Board Silly

Royden Watson gets creative with plywood

Conservative representational artists may have strived to craft the illusionary appearances of the figures and scenes they painted, but they never expected their works to be mistaken for the subjects they were based upon. In the same way, classical sculptors aren't likely to encounter patrons who try to shake hands with their statuary.

So when Cleveland Institute of Art instructor Royden Watson describes his work as "traditionally representational," he is so humble as to be misleading.

In So, his new show at the near-East Side gallery Proximity, Watson has produced a series of works that resemble found-material installations of plywood, scotch tape, and paper, but are actually uncanny acrylic and oil paintings. Here, layered paint takes on the texture of wood grain and the crinkled edges of a sticker with such realism that the viewer is fooled at all but the most intimate distances. In Watson's own words, they are "paintings becoming objects."
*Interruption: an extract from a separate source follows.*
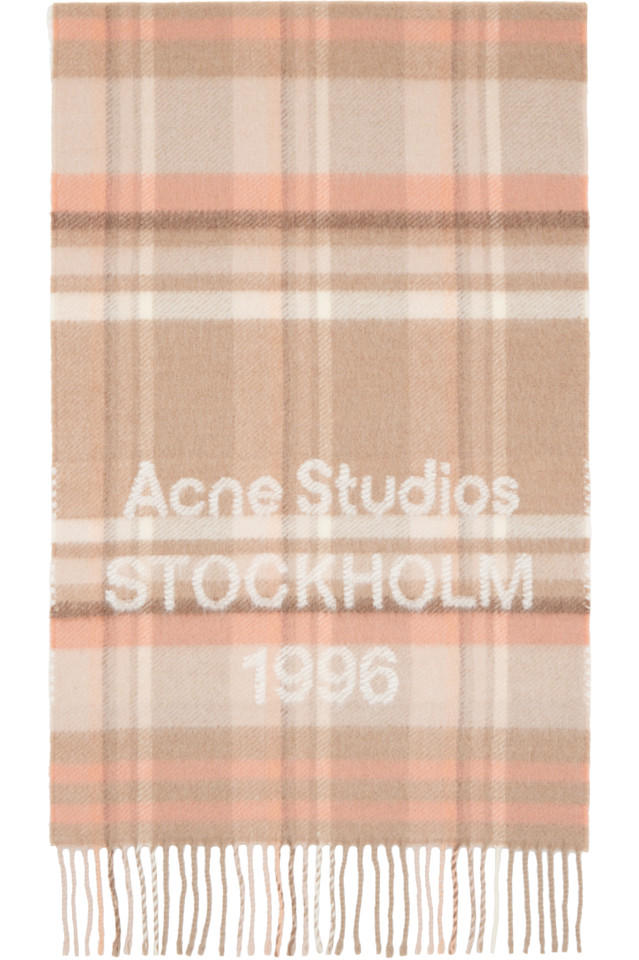 Acne Studios Широкий клетчатый шарф бежево-розового цвета с логотипом
Acne Studios Широкий клетчатый шарф бежево-розового цвета с логотипом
Those paintings begin as smooth plywood panels. Watson then paints the rougher texture and rustic look of raw birch plywood over their surface. All but two of the works in the series are variations on two particular sheets of plywood in Watson's studio, which serve as models; each is repeated, interpreted slightly differently each time, and with different patterns overlain on each interpretation. Watson compares his recycling of the panels to Andrew Wyeth's 15-year fascination with his model, Helga Testorf.

The faux plywood depicted in the painting "Three" is dominated by blue and grayish off-white hexagons in an infinitely repeating pattern, broken up by a splash of candy cane red-and-pink stripes. The panel in "Tomato" (pictured) is painted to look as if it has been treated with a stain applied in a dizzying pattern of circles. At its center is a red dot that looks like a big sticker; the paint is layered near the bottom of its circumference, to make it look as if the sticker is peeling off.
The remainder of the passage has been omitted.